■ EXERCISE AIM
Output every entry exactly, without any pictures.

■ Crawled caption data
= = = = =

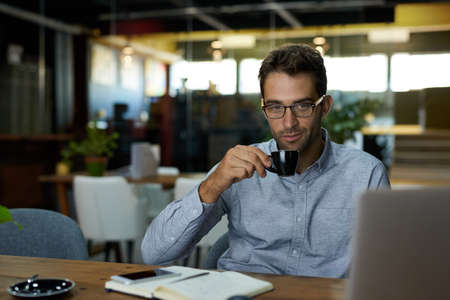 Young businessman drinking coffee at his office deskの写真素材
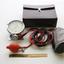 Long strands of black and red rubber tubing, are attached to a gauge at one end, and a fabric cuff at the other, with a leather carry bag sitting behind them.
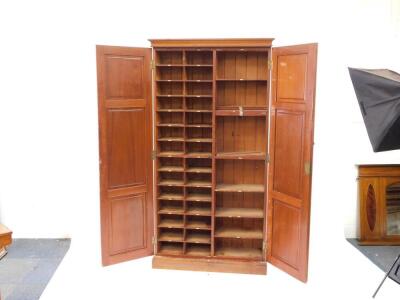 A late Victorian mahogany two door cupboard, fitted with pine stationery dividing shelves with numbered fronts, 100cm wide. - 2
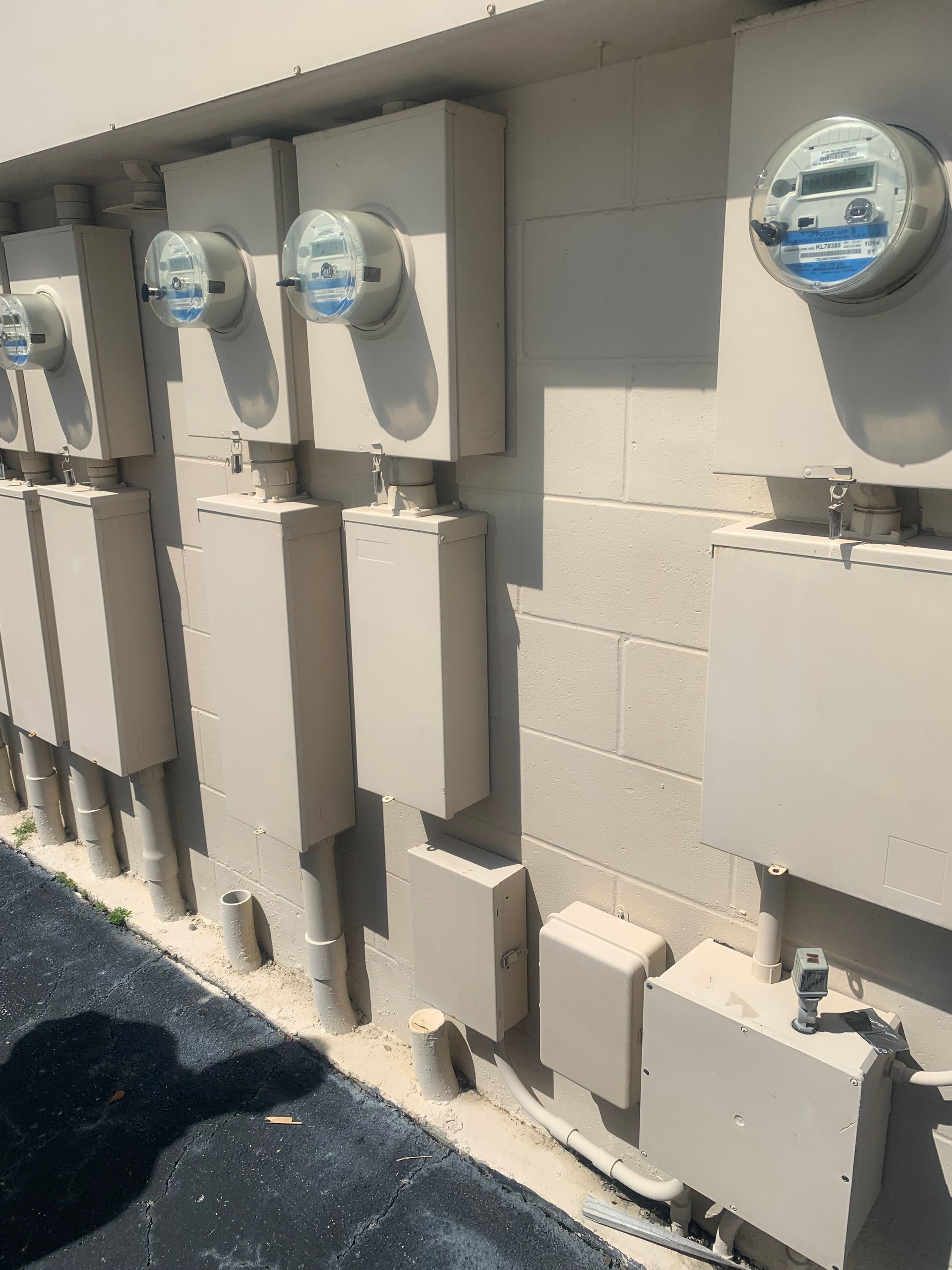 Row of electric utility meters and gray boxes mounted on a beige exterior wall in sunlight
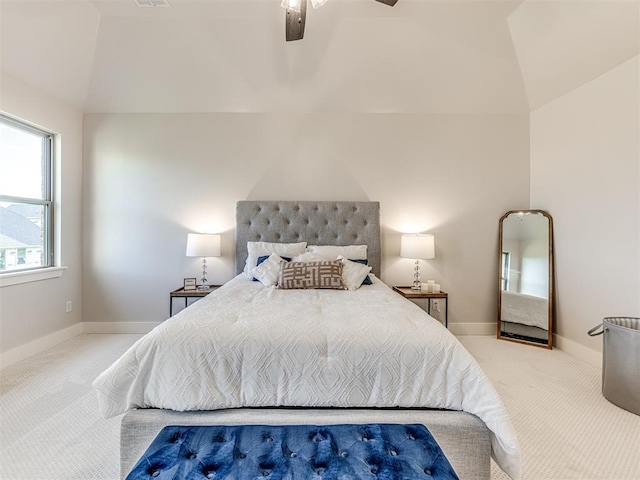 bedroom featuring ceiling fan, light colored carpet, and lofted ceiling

= = = = =

■ EXERCISE OUTPUT
 Young businessman drinking coffee at his office deskの写真素材
 Long strands of black and red rubber tubing, are attached to a gauge at one end, and a fabric cuff at the other, with a leather carry bag sitting behind them.
 A late Victorian mahogany two door cupboard, fitted with pine stationery dividing shelves with numbered fronts, 100cm wide. - 2
 Row of electric utility meters and gray boxes mounted on a beige exterior wall in sunlight
 bedroom featuring ceiling fan, light colored carpet, and lofted ceiling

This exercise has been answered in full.